- [Exercise]:
Retype only the lines below from the one with "christmas background with nuts and spices" to the one with "Folk Art 1830s", inclusive, skipping every image.

- [Data excerpts]:
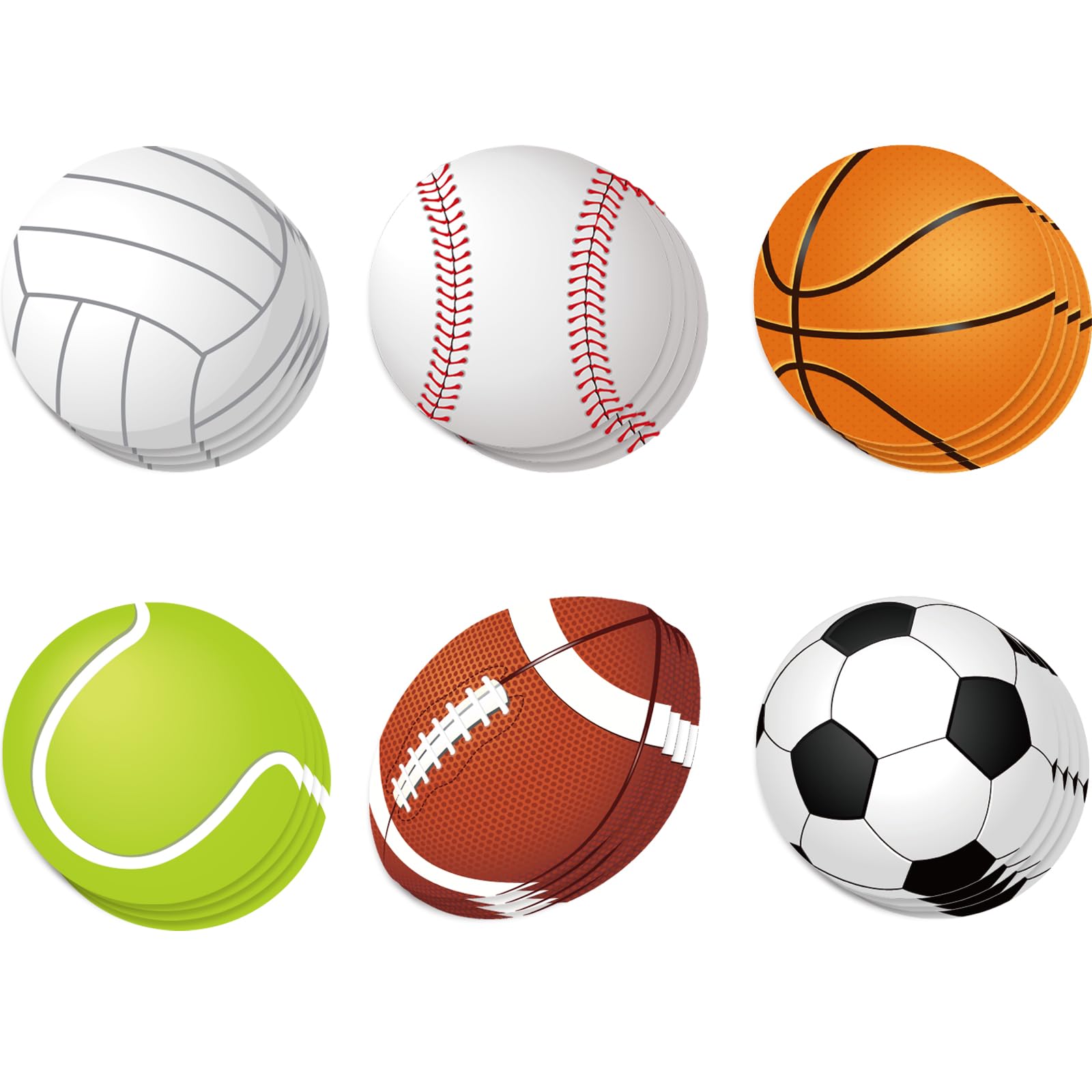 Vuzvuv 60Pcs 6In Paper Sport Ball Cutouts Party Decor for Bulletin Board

==

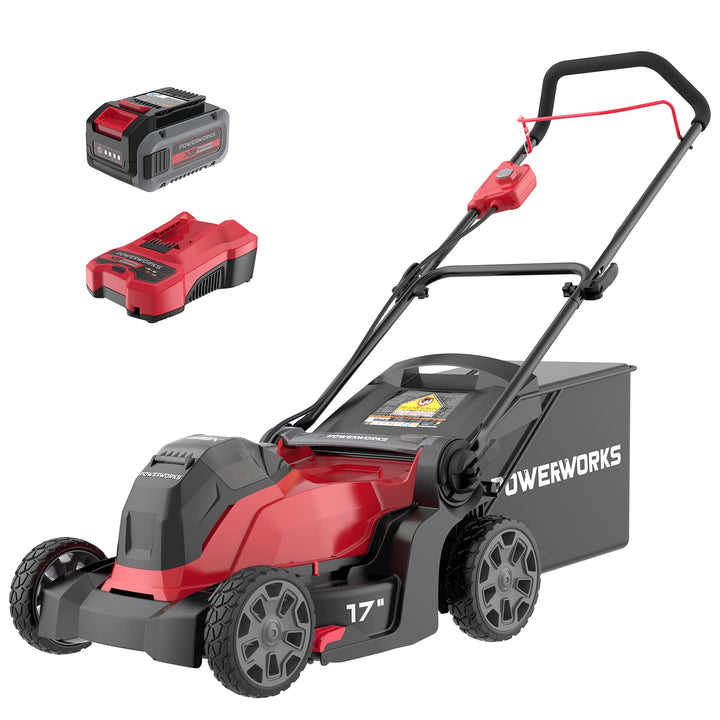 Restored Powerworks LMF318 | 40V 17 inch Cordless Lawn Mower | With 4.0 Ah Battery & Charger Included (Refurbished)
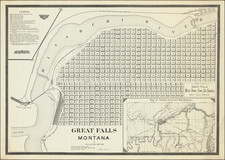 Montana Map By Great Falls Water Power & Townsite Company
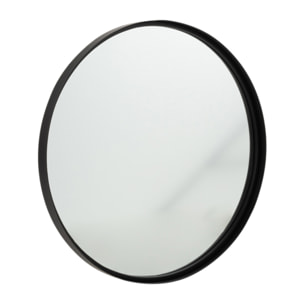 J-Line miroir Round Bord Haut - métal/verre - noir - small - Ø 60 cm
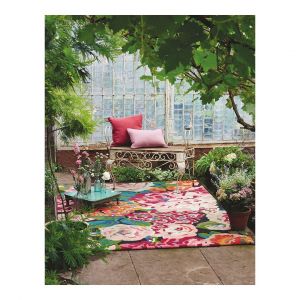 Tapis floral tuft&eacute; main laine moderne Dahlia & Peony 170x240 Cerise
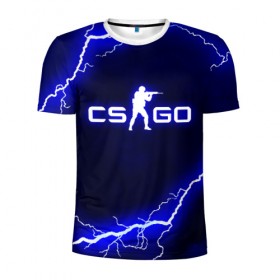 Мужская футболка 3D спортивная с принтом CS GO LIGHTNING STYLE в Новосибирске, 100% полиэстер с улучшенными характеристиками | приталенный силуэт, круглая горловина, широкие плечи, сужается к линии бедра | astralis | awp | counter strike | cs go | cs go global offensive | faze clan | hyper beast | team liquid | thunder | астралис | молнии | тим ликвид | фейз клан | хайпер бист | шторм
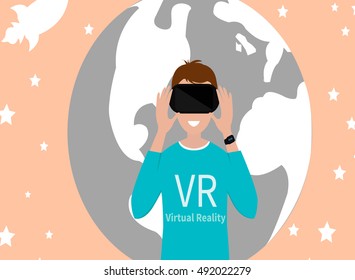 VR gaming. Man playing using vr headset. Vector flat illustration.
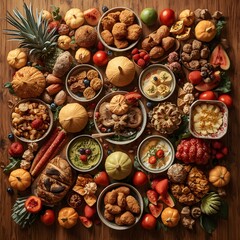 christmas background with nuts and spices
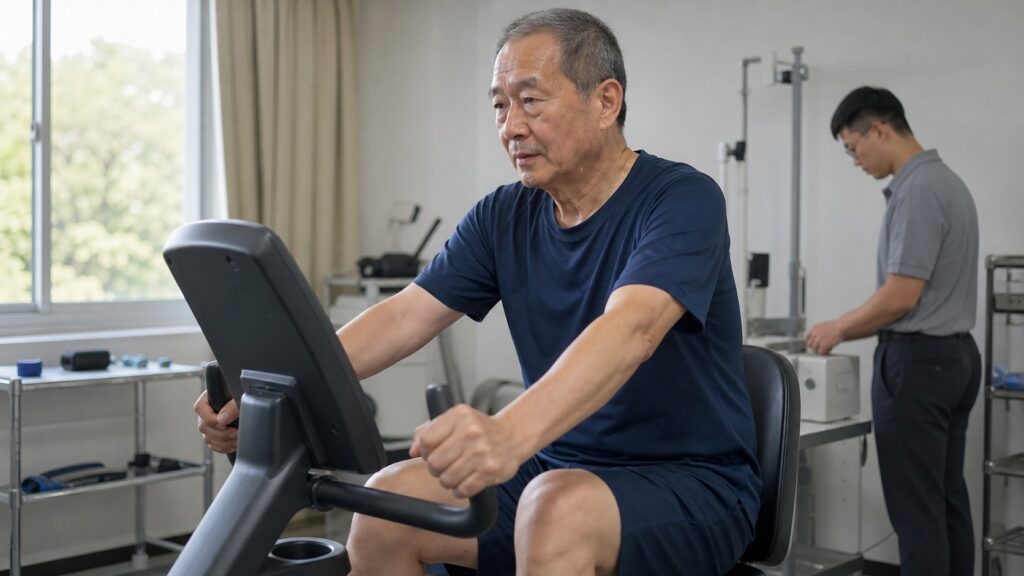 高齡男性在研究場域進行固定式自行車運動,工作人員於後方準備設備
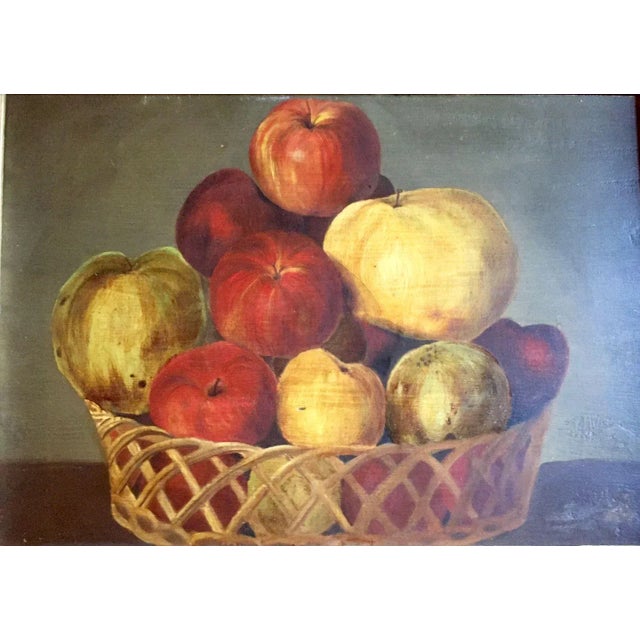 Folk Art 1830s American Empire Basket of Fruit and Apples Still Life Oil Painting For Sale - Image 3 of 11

- [Reply to the exercise]:
 christmas background with nuts and spices
 高齡男性在研究場域進行固定式自行車運動,工作人員於後方準備設備
 Folk Art 1830s American Empire Basket of Fruit and Apples Still Life Oil Painting For Sale - Image 3 of 11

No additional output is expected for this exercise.